Tuning Up Applications
2/3/2011 6:00:00 AM
An Illinois team headed by computer science professor Laxmikant Kale is helping scientists tune their applications for Blue Waters, even before the hardware exists. He chatted with NCSA Access' Trish Barker about that process.
Q. You've been involved with the Blue Waters project since the beginning, stretching all the way back to the proposal process. Tell me about the aspects of the project you're working on.
A. There are three projects that I'm involved with, and they are all related. The first one has to do with deploying a programming model that the Parallel Programming Laboratory has developed over the years, which is embodied in Charm++ and Adaptive MPI. We are working to efficiently implement this model on Blue Waters.
The second project has to do with the fact that you have a huge machine and people need to tune their applications to that machine, but we don't have access to that machine now, obviously. Usually tuning can't begin until the machine is deployed, so in the early months of deployment applications are running at lower efficiency. To avoid that we are providing a performance-tuning environment based on the programming model we've developed.

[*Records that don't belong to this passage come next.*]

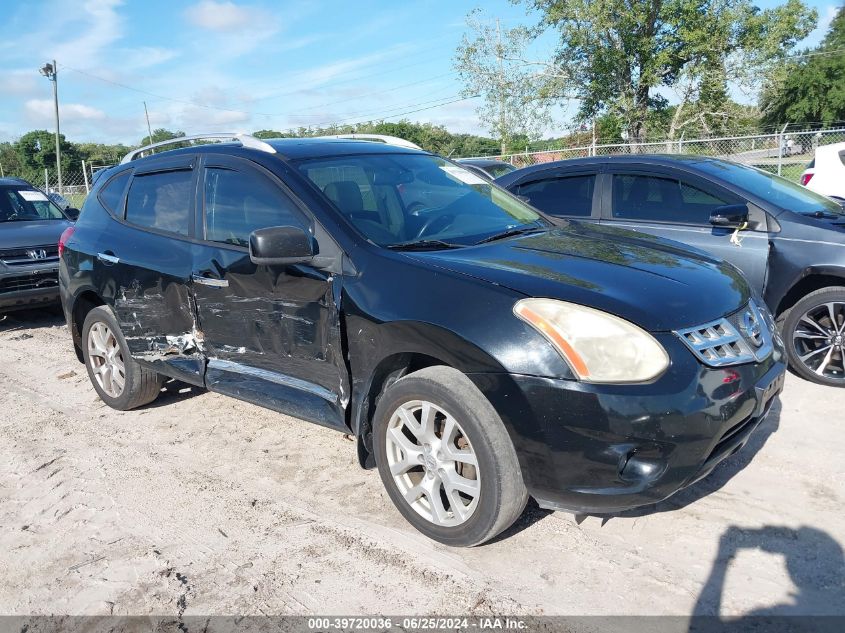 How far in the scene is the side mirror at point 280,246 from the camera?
315 cm

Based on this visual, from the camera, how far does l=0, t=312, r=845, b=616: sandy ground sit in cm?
262

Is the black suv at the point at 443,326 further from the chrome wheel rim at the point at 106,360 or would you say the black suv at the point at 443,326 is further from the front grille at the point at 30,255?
the front grille at the point at 30,255

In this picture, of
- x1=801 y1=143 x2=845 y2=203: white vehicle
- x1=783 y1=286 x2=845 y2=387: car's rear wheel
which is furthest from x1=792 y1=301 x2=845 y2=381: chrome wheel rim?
x1=801 y1=143 x2=845 y2=203: white vehicle

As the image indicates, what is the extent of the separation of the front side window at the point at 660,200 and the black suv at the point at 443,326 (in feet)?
5.43

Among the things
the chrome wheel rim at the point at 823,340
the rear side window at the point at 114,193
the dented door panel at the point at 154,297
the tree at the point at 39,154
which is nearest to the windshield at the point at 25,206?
the rear side window at the point at 114,193

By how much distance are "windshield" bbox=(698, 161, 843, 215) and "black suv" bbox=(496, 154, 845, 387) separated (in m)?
0.01

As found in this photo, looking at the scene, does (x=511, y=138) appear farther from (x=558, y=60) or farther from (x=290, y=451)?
(x=290, y=451)

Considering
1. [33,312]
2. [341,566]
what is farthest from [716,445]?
[33,312]

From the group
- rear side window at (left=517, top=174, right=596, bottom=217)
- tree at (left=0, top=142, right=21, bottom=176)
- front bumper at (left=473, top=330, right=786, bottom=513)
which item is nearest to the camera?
A: front bumper at (left=473, top=330, right=786, bottom=513)

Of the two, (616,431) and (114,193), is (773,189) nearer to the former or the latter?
(616,431)

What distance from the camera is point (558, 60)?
87.2 feet

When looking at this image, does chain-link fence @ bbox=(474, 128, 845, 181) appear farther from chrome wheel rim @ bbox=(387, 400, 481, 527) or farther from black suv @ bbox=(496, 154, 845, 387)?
chrome wheel rim @ bbox=(387, 400, 481, 527)

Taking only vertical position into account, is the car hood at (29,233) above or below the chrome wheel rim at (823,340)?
above

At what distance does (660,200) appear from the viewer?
18.1 ft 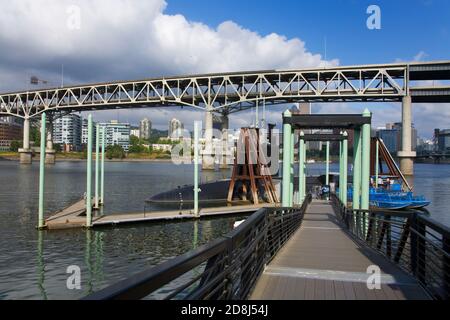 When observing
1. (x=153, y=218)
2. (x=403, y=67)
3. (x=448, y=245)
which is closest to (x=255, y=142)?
(x=153, y=218)

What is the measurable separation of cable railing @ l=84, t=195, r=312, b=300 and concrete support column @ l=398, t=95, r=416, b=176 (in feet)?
275

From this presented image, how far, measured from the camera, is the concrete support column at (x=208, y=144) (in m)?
102

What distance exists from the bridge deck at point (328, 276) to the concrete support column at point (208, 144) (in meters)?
91.1

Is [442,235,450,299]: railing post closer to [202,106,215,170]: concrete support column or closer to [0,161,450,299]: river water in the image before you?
[0,161,450,299]: river water

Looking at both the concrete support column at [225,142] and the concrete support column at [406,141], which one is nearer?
the concrete support column at [406,141]

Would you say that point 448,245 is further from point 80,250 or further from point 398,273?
point 80,250

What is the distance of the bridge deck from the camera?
6.30m

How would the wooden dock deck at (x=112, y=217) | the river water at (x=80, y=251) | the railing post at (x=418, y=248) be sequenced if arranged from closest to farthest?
1. the railing post at (x=418, y=248)
2. the river water at (x=80, y=251)
3. the wooden dock deck at (x=112, y=217)

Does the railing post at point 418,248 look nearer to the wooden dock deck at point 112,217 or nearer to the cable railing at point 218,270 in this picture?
the cable railing at point 218,270

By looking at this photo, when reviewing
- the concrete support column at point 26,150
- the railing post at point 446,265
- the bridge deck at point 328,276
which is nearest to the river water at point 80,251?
the bridge deck at point 328,276

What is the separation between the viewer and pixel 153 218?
91.6ft
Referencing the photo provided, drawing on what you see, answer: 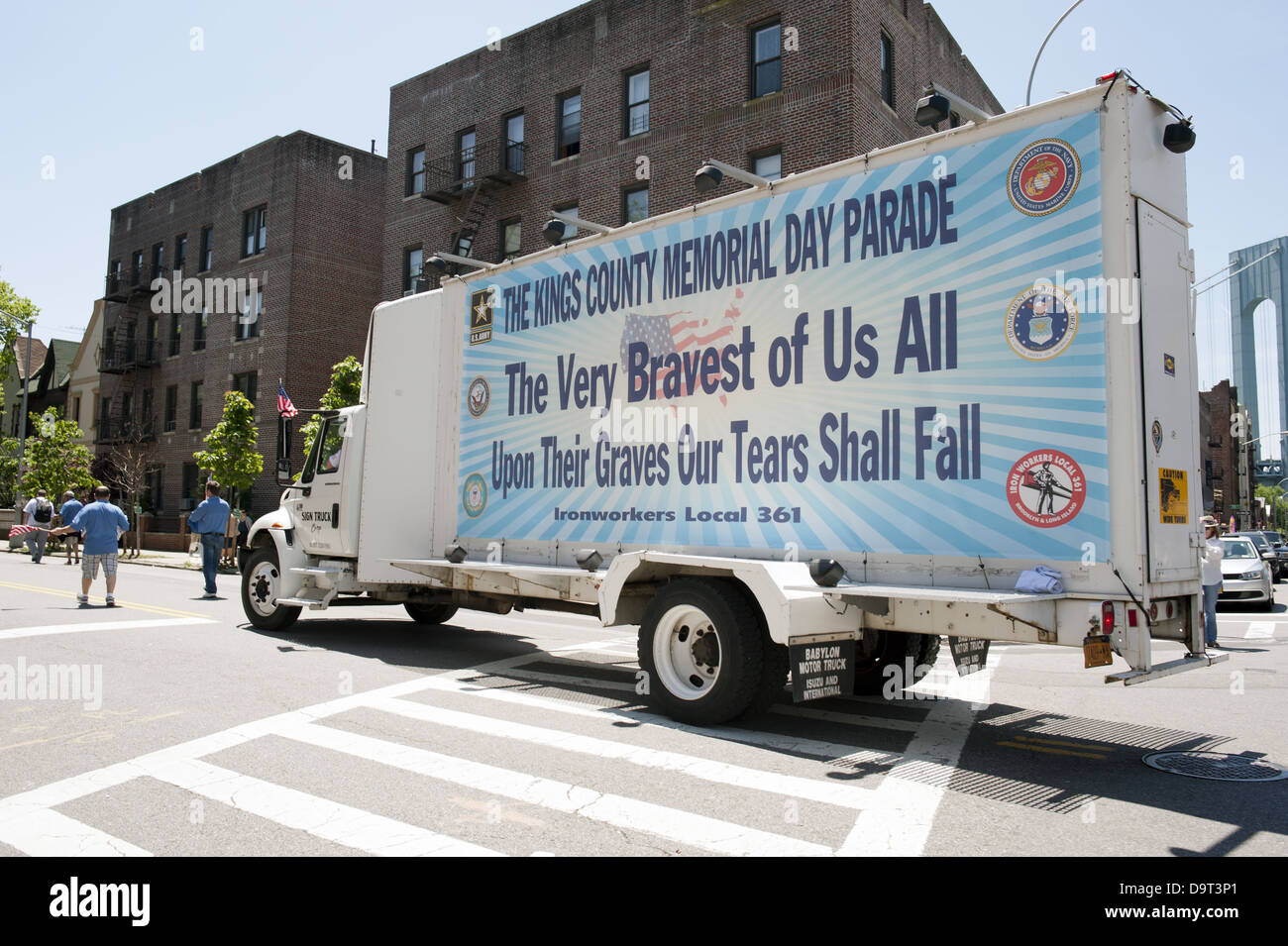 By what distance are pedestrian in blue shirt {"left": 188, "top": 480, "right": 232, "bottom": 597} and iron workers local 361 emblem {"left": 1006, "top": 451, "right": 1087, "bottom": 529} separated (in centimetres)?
1369

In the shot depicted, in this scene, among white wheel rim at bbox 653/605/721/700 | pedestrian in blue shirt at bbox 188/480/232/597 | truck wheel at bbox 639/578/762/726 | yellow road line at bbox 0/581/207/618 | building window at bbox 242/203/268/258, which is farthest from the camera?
building window at bbox 242/203/268/258

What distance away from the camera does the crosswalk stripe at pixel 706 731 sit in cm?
600

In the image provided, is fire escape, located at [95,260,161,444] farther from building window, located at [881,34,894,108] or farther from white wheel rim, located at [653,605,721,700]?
white wheel rim, located at [653,605,721,700]

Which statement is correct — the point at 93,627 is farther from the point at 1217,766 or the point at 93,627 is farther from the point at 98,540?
Answer: the point at 1217,766

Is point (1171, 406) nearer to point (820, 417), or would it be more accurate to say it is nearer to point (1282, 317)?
point (820, 417)

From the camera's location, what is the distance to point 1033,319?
5641 millimetres

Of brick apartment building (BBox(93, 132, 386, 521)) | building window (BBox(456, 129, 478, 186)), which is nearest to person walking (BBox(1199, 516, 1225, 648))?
building window (BBox(456, 129, 478, 186))

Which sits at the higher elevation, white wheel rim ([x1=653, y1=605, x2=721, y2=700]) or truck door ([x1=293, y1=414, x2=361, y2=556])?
truck door ([x1=293, y1=414, x2=361, y2=556])

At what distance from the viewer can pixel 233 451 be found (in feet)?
83.9

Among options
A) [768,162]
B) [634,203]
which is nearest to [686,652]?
[768,162]

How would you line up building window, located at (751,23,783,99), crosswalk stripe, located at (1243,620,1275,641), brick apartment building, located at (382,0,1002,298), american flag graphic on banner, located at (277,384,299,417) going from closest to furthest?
american flag graphic on banner, located at (277,384,299,417) < crosswalk stripe, located at (1243,620,1275,641) < brick apartment building, located at (382,0,1002,298) < building window, located at (751,23,783,99)

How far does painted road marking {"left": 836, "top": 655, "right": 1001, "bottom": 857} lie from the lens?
170 inches

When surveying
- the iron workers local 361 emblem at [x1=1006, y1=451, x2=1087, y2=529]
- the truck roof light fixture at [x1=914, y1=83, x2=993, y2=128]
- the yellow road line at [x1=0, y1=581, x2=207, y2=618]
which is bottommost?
the yellow road line at [x1=0, y1=581, x2=207, y2=618] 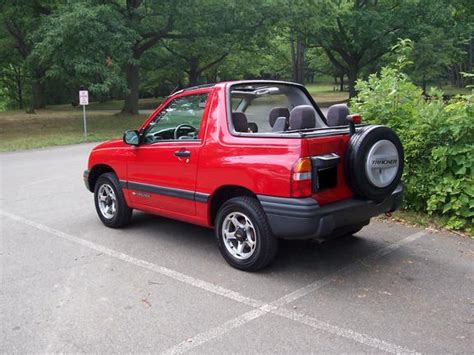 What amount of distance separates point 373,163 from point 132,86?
26.0 metres

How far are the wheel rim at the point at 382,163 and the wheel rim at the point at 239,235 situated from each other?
1.22m

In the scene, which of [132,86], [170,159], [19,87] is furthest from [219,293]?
[19,87]

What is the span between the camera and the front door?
17.1 ft

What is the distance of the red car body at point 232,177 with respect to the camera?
4246mm

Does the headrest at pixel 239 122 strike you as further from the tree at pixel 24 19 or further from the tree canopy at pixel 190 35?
the tree at pixel 24 19

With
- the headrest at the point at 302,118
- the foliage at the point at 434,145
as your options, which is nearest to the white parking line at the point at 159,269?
the headrest at the point at 302,118

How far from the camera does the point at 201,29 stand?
25031 millimetres

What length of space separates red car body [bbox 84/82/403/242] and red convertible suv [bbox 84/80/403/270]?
1 centimetres

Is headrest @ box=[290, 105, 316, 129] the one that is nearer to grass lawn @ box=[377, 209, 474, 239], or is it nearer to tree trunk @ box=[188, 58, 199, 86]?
grass lawn @ box=[377, 209, 474, 239]

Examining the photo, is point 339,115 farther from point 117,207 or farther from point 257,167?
point 117,207

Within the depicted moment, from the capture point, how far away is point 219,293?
429cm

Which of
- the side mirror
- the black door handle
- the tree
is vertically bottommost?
the black door handle

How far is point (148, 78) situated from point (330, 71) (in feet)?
79.9

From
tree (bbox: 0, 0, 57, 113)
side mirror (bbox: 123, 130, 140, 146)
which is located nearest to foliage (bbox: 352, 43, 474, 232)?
side mirror (bbox: 123, 130, 140, 146) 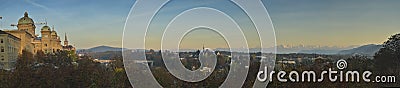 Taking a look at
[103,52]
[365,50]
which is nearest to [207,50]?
[103,52]

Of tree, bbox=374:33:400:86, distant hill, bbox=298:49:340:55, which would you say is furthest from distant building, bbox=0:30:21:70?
tree, bbox=374:33:400:86

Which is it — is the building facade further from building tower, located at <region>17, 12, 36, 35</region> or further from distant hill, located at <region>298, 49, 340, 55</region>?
distant hill, located at <region>298, 49, 340, 55</region>

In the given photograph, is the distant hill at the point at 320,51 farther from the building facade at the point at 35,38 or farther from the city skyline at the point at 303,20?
the building facade at the point at 35,38

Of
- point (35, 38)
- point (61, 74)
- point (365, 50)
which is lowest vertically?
point (61, 74)

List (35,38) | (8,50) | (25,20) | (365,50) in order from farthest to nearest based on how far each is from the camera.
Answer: (365,50) < (35,38) < (25,20) < (8,50)

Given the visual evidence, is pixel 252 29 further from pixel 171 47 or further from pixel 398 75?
pixel 398 75

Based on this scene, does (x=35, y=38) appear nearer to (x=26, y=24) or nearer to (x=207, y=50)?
(x=26, y=24)

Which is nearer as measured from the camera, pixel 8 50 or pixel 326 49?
pixel 8 50

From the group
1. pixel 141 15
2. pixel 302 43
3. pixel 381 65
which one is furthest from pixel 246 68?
pixel 381 65
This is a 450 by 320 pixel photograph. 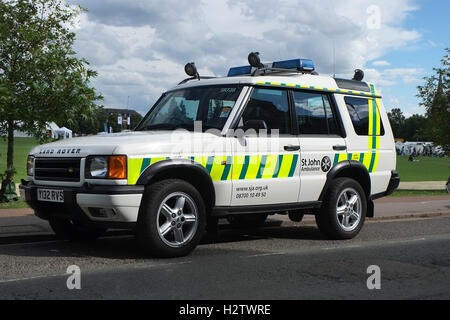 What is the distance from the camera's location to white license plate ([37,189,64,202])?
6823 millimetres

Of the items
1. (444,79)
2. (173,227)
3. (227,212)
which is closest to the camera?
(173,227)

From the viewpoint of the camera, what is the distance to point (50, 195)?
6.98 m

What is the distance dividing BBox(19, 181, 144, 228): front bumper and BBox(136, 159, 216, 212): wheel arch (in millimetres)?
190

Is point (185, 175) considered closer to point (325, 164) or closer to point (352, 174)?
point (325, 164)

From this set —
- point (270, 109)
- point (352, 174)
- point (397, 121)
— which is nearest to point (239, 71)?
point (270, 109)

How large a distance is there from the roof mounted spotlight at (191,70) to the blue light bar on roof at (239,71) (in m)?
0.55

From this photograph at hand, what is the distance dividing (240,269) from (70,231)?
2.90m

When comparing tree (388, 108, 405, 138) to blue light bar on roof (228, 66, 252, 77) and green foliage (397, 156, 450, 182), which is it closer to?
green foliage (397, 156, 450, 182)

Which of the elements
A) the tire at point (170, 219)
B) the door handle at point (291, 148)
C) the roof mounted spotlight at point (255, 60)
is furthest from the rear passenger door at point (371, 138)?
the tire at point (170, 219)

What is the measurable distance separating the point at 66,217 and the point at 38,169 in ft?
2.62
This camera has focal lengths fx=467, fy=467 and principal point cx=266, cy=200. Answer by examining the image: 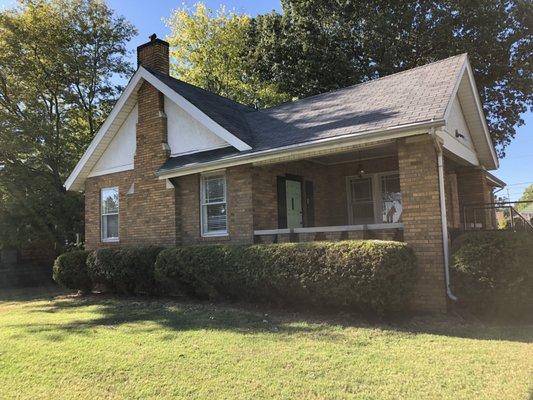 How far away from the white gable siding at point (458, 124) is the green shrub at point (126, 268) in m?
7.65

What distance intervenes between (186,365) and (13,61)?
1882 cm

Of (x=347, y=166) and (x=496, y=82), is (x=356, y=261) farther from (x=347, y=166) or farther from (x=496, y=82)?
(x=496, y=82)

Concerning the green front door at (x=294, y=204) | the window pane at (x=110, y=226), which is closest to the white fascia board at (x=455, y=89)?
the green front door at (x=294, y=204)

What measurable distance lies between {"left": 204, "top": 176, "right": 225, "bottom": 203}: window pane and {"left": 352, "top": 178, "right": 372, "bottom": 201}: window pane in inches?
169

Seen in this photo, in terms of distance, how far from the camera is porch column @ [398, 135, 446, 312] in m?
8.31

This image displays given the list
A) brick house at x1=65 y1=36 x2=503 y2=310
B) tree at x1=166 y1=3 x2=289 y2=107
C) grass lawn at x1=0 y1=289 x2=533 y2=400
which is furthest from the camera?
tree at x1=166 y1=3 x2=289 y2=107

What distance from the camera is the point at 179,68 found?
33781 millimetres

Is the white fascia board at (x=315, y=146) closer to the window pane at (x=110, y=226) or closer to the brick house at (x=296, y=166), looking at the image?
the brick house at (x=296, y=166)

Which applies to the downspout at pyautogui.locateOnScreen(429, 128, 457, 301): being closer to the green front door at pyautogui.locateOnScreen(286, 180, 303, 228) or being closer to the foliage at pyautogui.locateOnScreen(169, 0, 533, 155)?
the green front door at pyautogui.locateOnScreen(286, 180, 303, 228)

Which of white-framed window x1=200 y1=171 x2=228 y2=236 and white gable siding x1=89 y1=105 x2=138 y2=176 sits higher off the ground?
white gable siding x1=89 y1=105 x2=138 y2=176

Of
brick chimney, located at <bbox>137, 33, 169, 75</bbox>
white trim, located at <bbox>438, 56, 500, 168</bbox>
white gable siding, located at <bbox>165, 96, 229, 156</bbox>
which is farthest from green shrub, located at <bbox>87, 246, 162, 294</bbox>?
white trim, located at <bbox>438, 56, 500, 168</bbox>

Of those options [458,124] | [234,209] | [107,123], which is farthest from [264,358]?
[107,123]

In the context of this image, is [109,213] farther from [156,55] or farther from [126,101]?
[156,55]

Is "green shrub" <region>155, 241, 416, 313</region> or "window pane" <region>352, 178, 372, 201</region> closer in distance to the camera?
"green shrub" <region>155, 241, 416, 313</region> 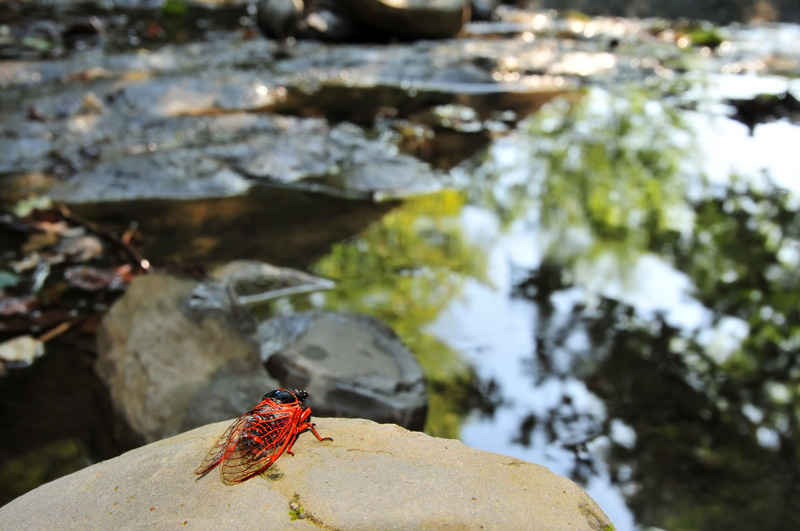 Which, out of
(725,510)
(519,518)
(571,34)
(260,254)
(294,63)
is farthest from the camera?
(571,34)

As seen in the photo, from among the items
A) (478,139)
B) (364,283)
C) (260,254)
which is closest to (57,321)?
(260,254)

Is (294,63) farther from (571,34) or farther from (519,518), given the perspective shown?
(519,518)

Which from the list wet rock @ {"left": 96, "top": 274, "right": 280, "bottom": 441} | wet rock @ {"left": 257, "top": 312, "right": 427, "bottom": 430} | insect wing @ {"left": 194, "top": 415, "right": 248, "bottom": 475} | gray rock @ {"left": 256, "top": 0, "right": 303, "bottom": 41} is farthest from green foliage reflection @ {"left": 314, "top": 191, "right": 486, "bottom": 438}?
gray rock @ {"left": 256, "top": 0, "right": 303, "bottom": 41}

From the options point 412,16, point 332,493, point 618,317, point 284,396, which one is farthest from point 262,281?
point 412,16

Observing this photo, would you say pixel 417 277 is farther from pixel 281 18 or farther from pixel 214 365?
pixel 281 18

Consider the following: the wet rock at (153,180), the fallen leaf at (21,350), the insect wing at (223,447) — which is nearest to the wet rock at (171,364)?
the fallen leaf at (21,350)

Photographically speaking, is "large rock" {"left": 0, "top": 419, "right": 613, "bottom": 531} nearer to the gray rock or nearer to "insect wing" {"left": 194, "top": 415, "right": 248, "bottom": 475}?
"insect wing" {"left": 194, "top": 415, "right": 248, "bottom": 475} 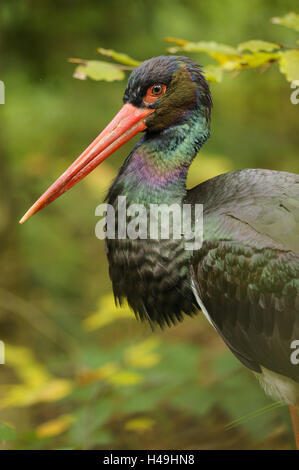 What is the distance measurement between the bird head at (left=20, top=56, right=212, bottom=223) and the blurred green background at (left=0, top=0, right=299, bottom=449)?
1208 mm

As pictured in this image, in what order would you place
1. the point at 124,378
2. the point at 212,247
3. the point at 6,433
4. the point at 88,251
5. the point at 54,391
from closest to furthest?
the point at 6,433 < the point at 212,247 < the point at 124,378 < the point at 54,391 < the point at 88,251

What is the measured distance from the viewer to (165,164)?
2.37 meters

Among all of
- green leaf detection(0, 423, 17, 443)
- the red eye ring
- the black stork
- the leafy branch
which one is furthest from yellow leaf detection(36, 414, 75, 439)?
the leafy branch

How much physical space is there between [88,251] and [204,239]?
4.33m

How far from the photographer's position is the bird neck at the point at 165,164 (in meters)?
2.33

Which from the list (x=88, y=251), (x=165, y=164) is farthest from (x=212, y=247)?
(x=88, y=251)

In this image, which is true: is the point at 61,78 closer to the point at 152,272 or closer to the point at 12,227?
the point at 12,227

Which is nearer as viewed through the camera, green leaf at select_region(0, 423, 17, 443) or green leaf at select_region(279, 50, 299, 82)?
green leaf at select_region(0, 423, 17, 443)

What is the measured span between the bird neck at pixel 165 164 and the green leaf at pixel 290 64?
0.42 meters

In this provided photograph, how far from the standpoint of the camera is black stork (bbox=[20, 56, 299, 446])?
6.92 feet

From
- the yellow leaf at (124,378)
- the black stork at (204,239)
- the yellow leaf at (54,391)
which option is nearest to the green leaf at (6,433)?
the black stork at (204,239)

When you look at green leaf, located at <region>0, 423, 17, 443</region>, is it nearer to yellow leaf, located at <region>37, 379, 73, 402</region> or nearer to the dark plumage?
the dark plumage

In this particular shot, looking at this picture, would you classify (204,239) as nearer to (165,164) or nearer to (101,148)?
(165,164)

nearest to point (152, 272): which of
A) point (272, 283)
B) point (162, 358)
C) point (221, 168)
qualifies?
point (272, 283)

Using this environment, you can run a program as if it is running on the full machine, even though you may be using just one-tenth the number of processors. This infrastructure is called BigSim. It was developed with support from the National Science Foundation, and our object here is to deploy it for Blue Waters users.
BigSim is not so much a performance prediction system as it is a way to identify performance bottlenecks. We can give predictions of how quickly a simulation can be performed but it's really more useful to see what the potential issues are and how we can work around them.
The molecular dynamics application NAMD is already using BigSim in the process of tuning to the full-scale Blue Waters machine, and several other applications are exploring the use of it. NAMD is special because my group is a co-developer of NAMD. We've been working on it since the 1990s, and it was one of the first applications to use Charm++, and now it's also one of the earliest applications to use BigSim.
The third thing that I'm involved with is support for scaling NAMD to the full machine, especially for large molecular simulations involving tens of millions to hundreds of millions of atoms.
All of this is a good example of how the computer science department and NCSA can work together. My team is able to provide valuable tools and expertise, and Blue Waters gives us an ideal platform to further develop and demonstrate those tools.
Q. Let's talk about the first project, the programming model. What is a programming model?
A. A programming model defines how programmers should think about the machine. It defines an abstraction for the programmer to write to. It also specifies the way in which a computation is divided into its component entities and how they interact with each other. The distinguishing feature of Charm++ and Adaptive MPI is that the programmer does not have to worry about the number of processors, the programmer doesn't write to the processors. Instead they break the simulation into data and work units, and then the runtime system assigns those to the processors. This gives the system flexibility to deal with issues like dynamic load balancing and automatic fault tolerance, without the programmer having to do anything about it.
Charm++ provides a good division of work between the programmer and the system. The programmer should decide how to parallelize, but the system should decide who does what when. This is a contrast to MPI, in which a programmer decides what every processor is doing.